[Data for this task — start]

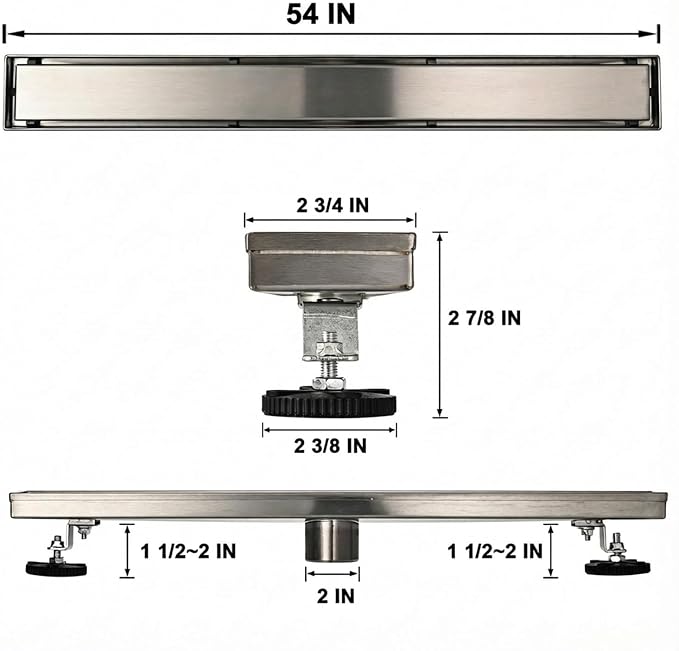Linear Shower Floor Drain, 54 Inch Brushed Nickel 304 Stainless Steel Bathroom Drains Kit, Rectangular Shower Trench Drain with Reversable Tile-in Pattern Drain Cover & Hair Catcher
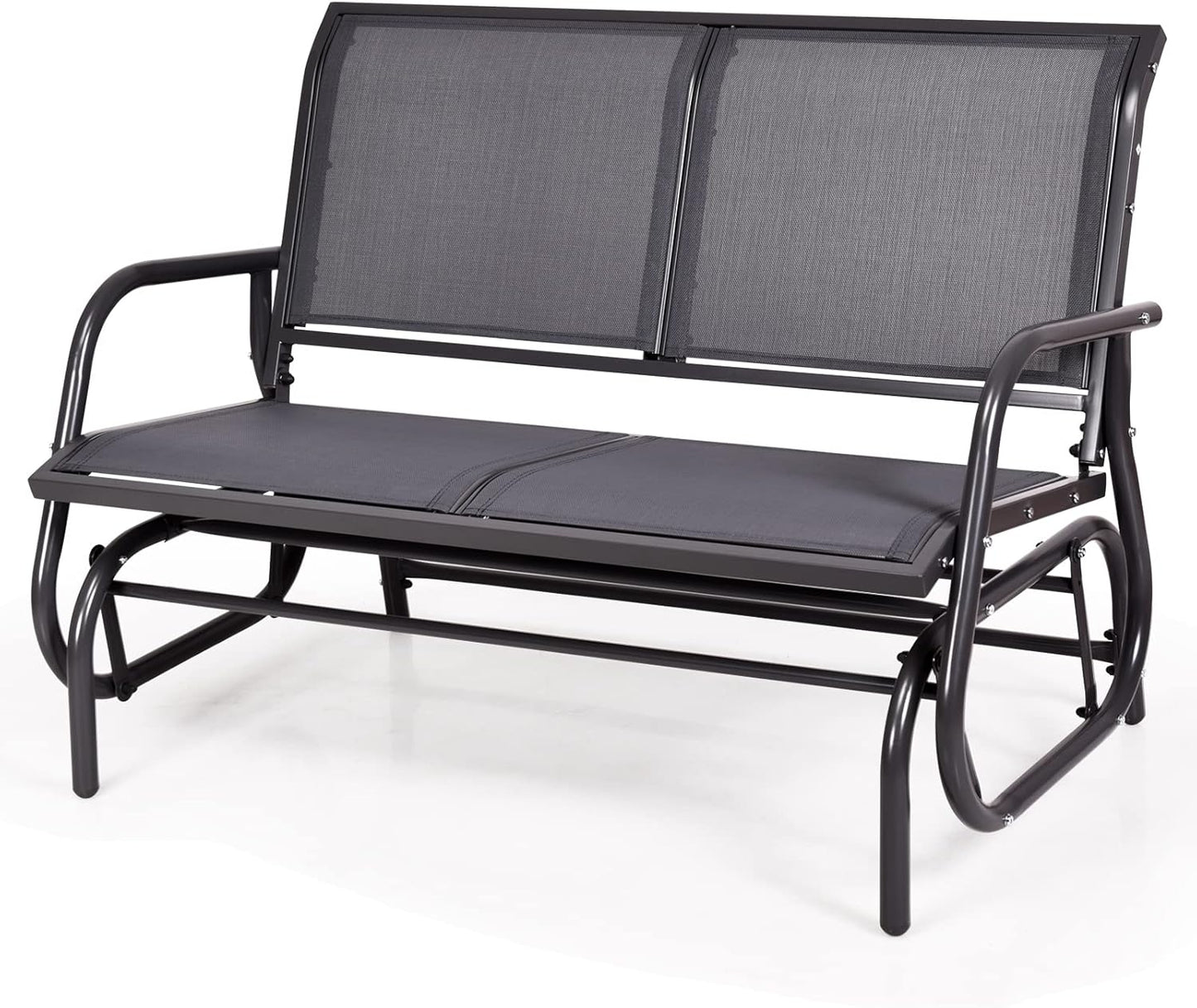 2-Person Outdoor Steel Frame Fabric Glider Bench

[Data for this task — finish]
[Data for this task — start]

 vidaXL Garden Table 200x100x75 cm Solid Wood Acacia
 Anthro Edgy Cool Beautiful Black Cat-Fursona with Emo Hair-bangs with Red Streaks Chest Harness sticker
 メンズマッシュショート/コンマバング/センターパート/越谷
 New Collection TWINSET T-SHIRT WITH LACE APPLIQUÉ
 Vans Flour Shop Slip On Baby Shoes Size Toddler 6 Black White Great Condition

[Data for this task — finish]
[Data for this task — start]

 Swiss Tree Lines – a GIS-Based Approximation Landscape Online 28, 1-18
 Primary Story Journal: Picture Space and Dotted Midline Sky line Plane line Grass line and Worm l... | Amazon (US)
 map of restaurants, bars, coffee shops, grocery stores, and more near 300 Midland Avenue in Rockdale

[Data for this task — finish]

▸ **Task statement**: Within the listing above, filter for lines holding the string "Black" and copy each one.

▸ **Expected answer**:
 Anthro Edgy Cool Beautiful Black Cat-Fursona with Emo Hair-bangs with Red Streaks Chest Harness sticker
 Vans Flour Shop Slip On Baby Shoes Size Toddler 6 Black White Great Condition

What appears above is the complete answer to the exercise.